The exact inspiration that led to developing high performance RISC microprocessors in the 1980s is a subject of some debate. Regardless of the motivation of the RISC designers, there were several obvious pressures that affected the development of RISC:
- The number of transistors that could fit on a single chip was increasing. It was clear that one would eventually be able to fit all the components from a processor board onto a single chip.
- Techniques such as pipelining were being explored to improve performance. Variable-length instructions and variable-length instruction execution times (due to varying numbers of microcode steps) made implementing pipelines more difficult.
- As compilers improved, they found that well-optimized sequences of stream- lined instructions often outperformed the equivalent complicated multi-cycle instructions. (See Appendix A, Processor Architectures, and Appendix B, Looking at Assembly Language.)
The RISC designers sought to create a high performance single-chip processor with a fast clock rate. When a CPU can fit on a single chip, its cost is decreased, its reliability is increased, and its clock speed can be increased. While not all RISC processors are single-chip implementation, most use a single chip.
To accomplish this task, it was necessary to discard the existing CISC instruction sets and develop a new minimal instruction set that could fit on a single chip. Hence the term reduced instruction set computer. In a sense reducing the instruction set was not an “end” but a means to an end.
For the first generation of RISC chips, the restrictions on the number of components that could be manufactured on a single chip were severe, forcing the designers to leave out hardware support for some instructions. The earliest RISC processors had no floating-point support in hardware, and some did not even support integer multiply in hardware. However, these instructions could be implemented using software routines that combined other instructions (a microcode of sorts).
These earliest RISC processors (most severely reduced) were not overwhelming successes for four reasons:
- It took time for compilers, operating systems, and user software to be retuned to take advantage of the new processors.
- If an application depended on the performance of one of the software-implemented instructions, its performance suffered dramatically.

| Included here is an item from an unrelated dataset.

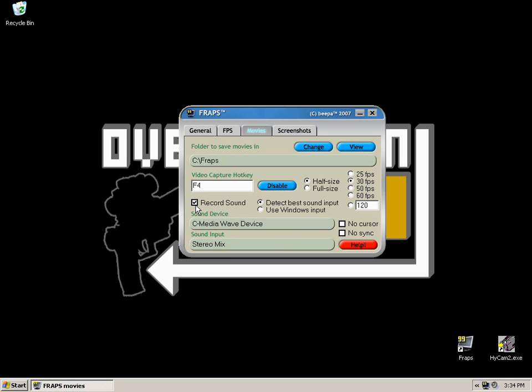Make sure record sound is checked if you wish to record sound. Refer to the How to Record Game Audio and Your Voice Simultaneously video for a bit more options on setting up your sound to record what you want. Keep Detect Best Sound Input, that'll do you fine 99% of the time. If for some reason it's not doing the right one, use the Windows Sound Input.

- Because RISC instructions were simpler, more instructions were needed to accomplish the task.
- Because all the RISC instructions were 32 bits long, and commonly used CISC instructions were as short as 8 bits, RISC program executables were often larger.
As a result of these last two issues, a RISC program may have to fetch more memory for its instructions than a CISC program. This increased appetite for instructions actually clogged the memory bottleneck until sufficient caches were added to the RISC processors. In some sense, you could view the caches on RISC processors as the microcode store in a CISC processor. Both reduced the overall appetite for instructions that were loaded from memory.
While the RISC processor designers worked out these issues and the manufacturing capability improved, there was a battle between the existing (now called CISC) processors and the new RISC (not yet successful) processors. The CISC processor designers had mature designs and well-tuned popular software. They also kept adding performance tricks to their systems. By the time Motorola had evolved from the MC68000 in 1982 that was a CISC processor to the MC68040 in 1989, they referred to the MC68040 as a RISC processor.4
However, the RISC processors eventually became successful. As the amount of logic available on a single chip increased, floating-point operations were added back onto the chip. Some of the additional logic was used to add on-chip cache to solve some of the memory bottleneck problems due to the larger appetite for instruction memory. These and other changes moved the RISC architectures from the defensive to the offensive.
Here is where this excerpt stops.